_The problem_
Every line in the records below between the one holding "Thanks for watching, guys." and the one holding "Past continuous (progressive)", inclusive, is to be set down exactly; all other lines are to be left out.

_Data_
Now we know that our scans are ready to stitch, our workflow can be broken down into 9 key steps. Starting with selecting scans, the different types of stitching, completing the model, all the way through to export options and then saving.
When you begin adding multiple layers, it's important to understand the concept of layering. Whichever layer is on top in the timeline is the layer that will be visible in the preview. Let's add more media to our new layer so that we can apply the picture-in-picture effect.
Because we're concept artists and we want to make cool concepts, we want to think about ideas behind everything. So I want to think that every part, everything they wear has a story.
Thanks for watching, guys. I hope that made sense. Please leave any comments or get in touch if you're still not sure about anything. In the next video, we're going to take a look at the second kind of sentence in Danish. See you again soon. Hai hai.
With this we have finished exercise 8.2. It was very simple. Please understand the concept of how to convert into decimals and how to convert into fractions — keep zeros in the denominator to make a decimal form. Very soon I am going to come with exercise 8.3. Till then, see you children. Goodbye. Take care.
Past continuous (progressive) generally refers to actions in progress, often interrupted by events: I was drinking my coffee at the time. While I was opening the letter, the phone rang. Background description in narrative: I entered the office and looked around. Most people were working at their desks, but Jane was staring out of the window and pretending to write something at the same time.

...

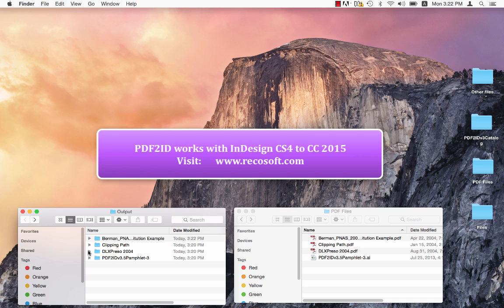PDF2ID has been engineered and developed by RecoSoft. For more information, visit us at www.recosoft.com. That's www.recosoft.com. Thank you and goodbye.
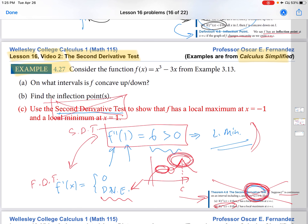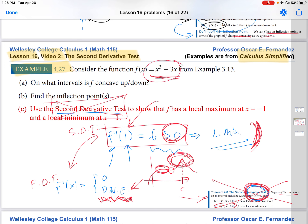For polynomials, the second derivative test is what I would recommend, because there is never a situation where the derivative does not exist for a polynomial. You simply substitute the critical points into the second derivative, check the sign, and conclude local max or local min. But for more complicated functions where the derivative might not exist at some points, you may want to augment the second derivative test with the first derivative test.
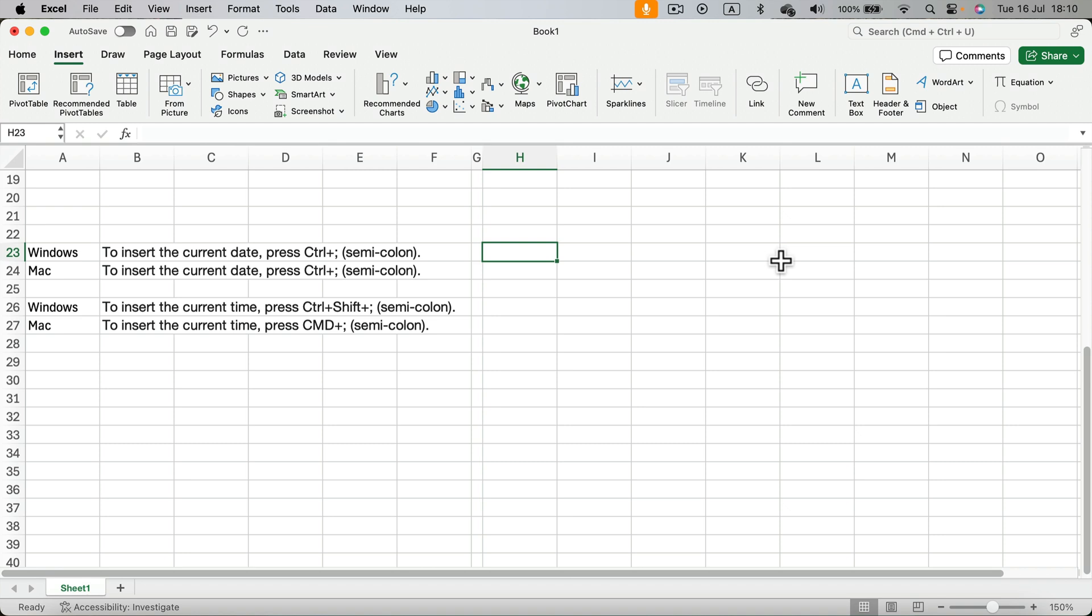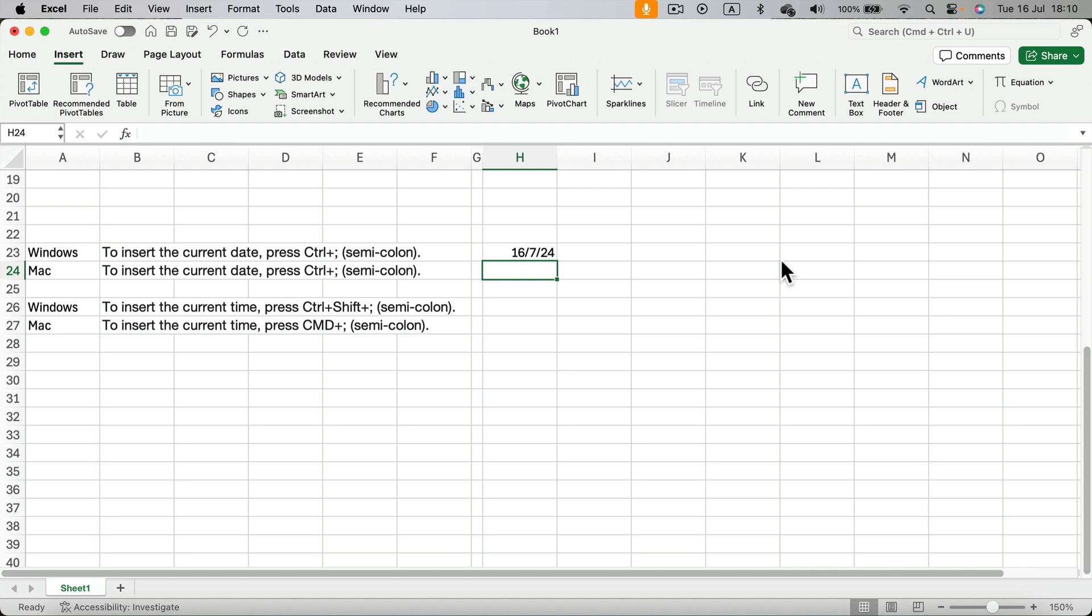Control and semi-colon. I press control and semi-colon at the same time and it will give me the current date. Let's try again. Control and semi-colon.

_Task solution_
Thanks for watching, guys. I hope that made sense. Please leave any comments or get in touch if you're still not sure about anything. In the next video, we're going to take a look at the second kind of sentence in Danish. See you again soon. Hai hai.
With this we have finished exercise 8.2. It was very simple. Please understand the concept of how to convert into decimals and how to convert into fractions — keep zeros in the denominator to make a decimal form. Very soon I am going to come with exercise 8.3. Till then, see you children. Goodbye. Take care.
Past continuous (progressive) generally refers to actions in progress, often interrupted by events: I was drinking my coffee at the time. While I was opening the letter, the phone rang. Background description in narrative: I entered the office and looked around. Most people were working at their desks, but Jane was staring out of the window and pretending to write something at the same time.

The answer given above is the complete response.